A wonderful dessert, this Nectarine Crisp is a perfect layer of summer’s sweet, tender fruit, nectarines or peaches, cooked down to be wrapped in her thick, rich syrup with just that perfect hint of Amaretto, blanketed by a cinnamon-kissed crispy, streusel-like topping laced with the crunch of slivered almonds. Serve it warm with a scoop of vanilla bean ice cream or freshly, barely-sweetened whipped cream.

NECTARINE CRISP

8 just-ripe nectarines (or peaches)
2 Tbs Amaretto
¾ cup (90 g) flour
½ cup (110 g) packed light brown sugar
½ cup (110 g) packed dark brown sugar
½ to 1 tsp ground cinnamon
½ tsp ground nutmeg
¼ tsp salt
½ cup (8 Tbs, 115 g) unsalted butter
½ cup slivered almonds

Preheat the oven to 350°F (180°C).

Gently peel the nectarines if you like. Cut each fruit in half and cut into chunks. Put the chunks of fruit in a 1-quart (1-litre) baking dish. Sprinkle on the Amaretto, toss and set aside while you prepare the topping.


Stir together the flour, two sugars, cinnamon, nutmeg and salt in a medium-sized bowl, breaking up any lumps. Cube the butter and toss the cubes in the dry ingredients to coat and separate. Then, using only your fingertips and working very quickly, rub the dry ingredients and the butter together until the mixture resembles damp sand and there are no more pieces of butter visible. Toss in the almonds until evenly distributed.

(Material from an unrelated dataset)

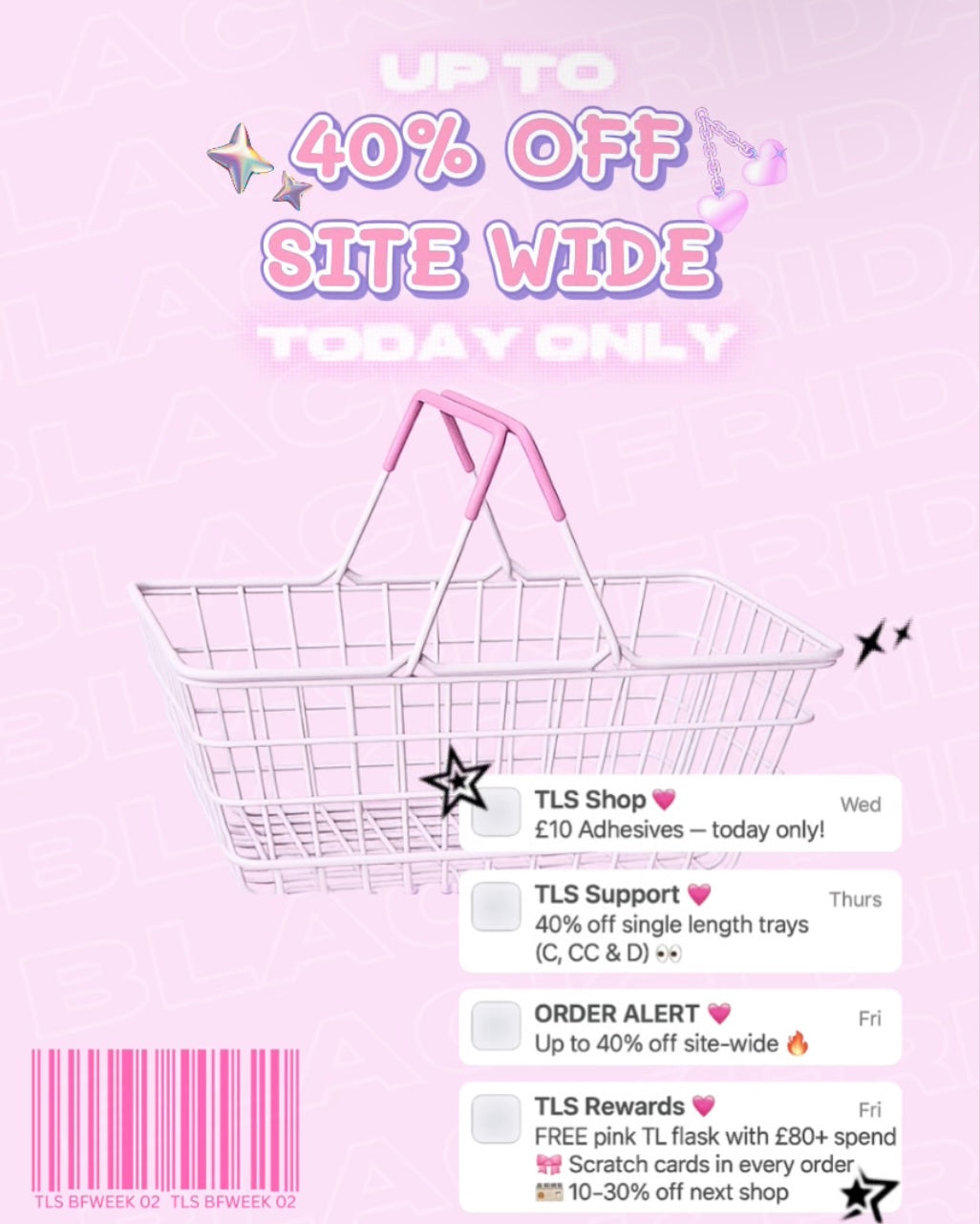 CITY LASH — Russian Volume Tray (The Relaunch Era)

Sprinkle this mixture thickly and evenly over the fruit in the baking dish all the way out to the edges.


Cover with a sheet of aluminum foil and bake for ½ hour then uncover and bake for an additional ½ hour. The top should be crisp – thus a “Crisp” – and the fruit syrup should be bubbling all around the edges.


Eat warm with ice cream or whipped cream. This is still wonderful with a crispy top for a day or two, even refrigerated.